Imo they have been designed from the ground up to be merely shiny toys / gadgets.
The most fundamental flaw in the design is the touchscreen. Eg. Press a button which is just part of the screen and has 0 haptic feedback, so the only way to locate it is by looking at it, but your finger is obscuring it (as you are moving to press it with your finger) so you cant see it. It is a paradoxical situation.
>For most of us, they easily soak up far more time than they save, capturing our attention dozens of times daily, and directing it to gratifying but mostly forgettable activities, usually infused with advertising.

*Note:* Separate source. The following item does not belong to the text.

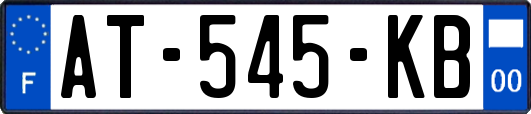AT-545-KB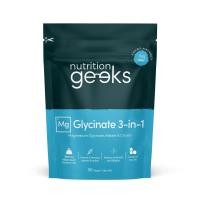 ราคา Magnesium Glycinate 3 in 1 (26286756584)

I suspect this to be one of those things we all think everyone else is doing but that very few people are actually doing in reality. Frankly, all time I spend on my phone is actually valuable, or at least not better spent doing anything else, and I think it's the same for most people.
More people said it here but I do 60-70% of my work on my smartphone, including dev. No games, no social networking, just work. It is not only not a toy, it is vital to my workflow.

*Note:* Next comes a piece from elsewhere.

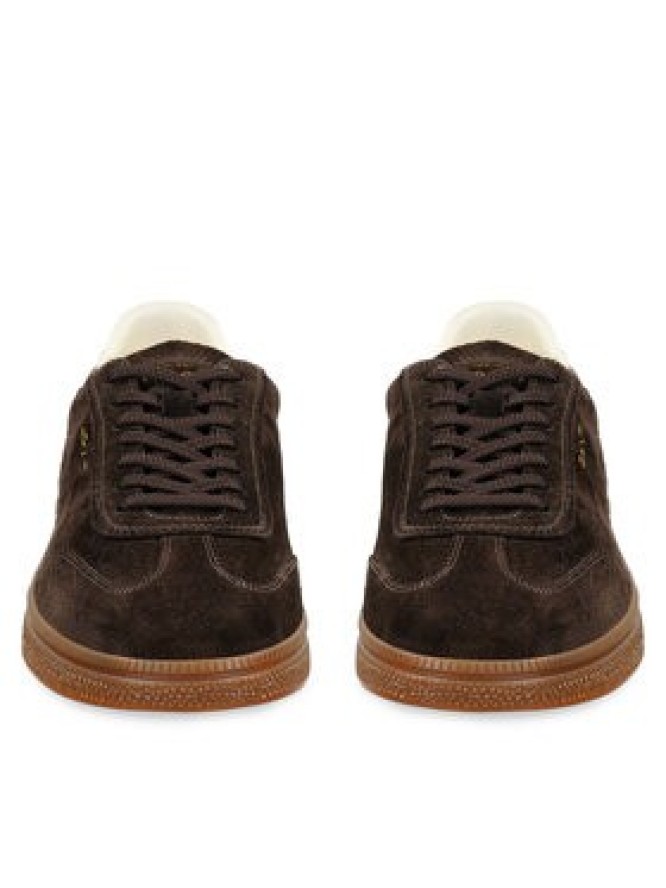 Gant Sneakersy 31633008 Brązowy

The reason we'd have difficulty explaining the smartphone to someone from 60s is because it uses a while lot of infrastructure for all those spicy functions to be available.
This is not to take away from the pocket computer's awesomeness, but there decides in our pockets aren't self-contained.
Basically it sucks up notifications from all (or selected) apps into an inbox-like interface similar to email. You can check it when you want, but it's not in your face.
There are a lot of apps where I don't want to disable notifications, but I also don't want them interrupting me. NYTimes is a good example of that, since I do want to read the news but only on my own schedule. A notification inbox has helped me a lot.
Smartphones are totally toys. I am so efficient on a desktop I can't stand to use them for anything work related. I pretty much use it to glance at emails and take pictures. Oh and don't forget the government mandated backdoors and location tracking a la the 911 laws.
I only use my phone for taking photos so I can remember what I saw or as reference to what I am doing. I wish there's an app that could tag the photo automatically so I can search it and reference it again.
The only time it would ring or get a message is if there's something important from my wife.
I tried it, its only good at categorizing images. I wish it could index the text and numbers at different angles also. I also wish it can further filter what you have already searched.
I was strongly reminded of this yesterday when I wanted to send someone the PSK for a home WiFi network. It baffles me that I'd need root access and a separate tool to extract the PSK.
Are there any phone manufacturers that still let you root without potentially bricking the phone etc?
Very poorly argued. The premise ignores that many of those superpowers are available on your computer. So giving up the phone is not as big a sacrifice as is being claimed.
Well I didn't read tfa, but I disagree with the title.
I use the camera, document producing capabilities quite frequently in my work, in addition the regular features of loudspeaker conference calls (when Skype for Business fails) and so on.
I only take time to play with it, when I'm bored on plane rides.
Delete all apps that are designed to be checked over and over.
Put all other apps that could be checked over and over (finance, video streaming, shopping - believe me) inside folders, on screens behind the main screen. You should have to consciously look for them when you actually need them.
Don't sign in to any social sites in your browser, and don't let favorites or recents give you colorful icons for your frequented sites. Force yourself to type in the website you want to go to.
My home screen consists of music, direct communication, maps, notes/calendar/contacts, and the web browser. None of these can be idly checked except the web browser. They all encourage intentional interaction or none at all. Sometimes I open my phone subconsciously, look at the icons, and put it away again because there's nothing to be done.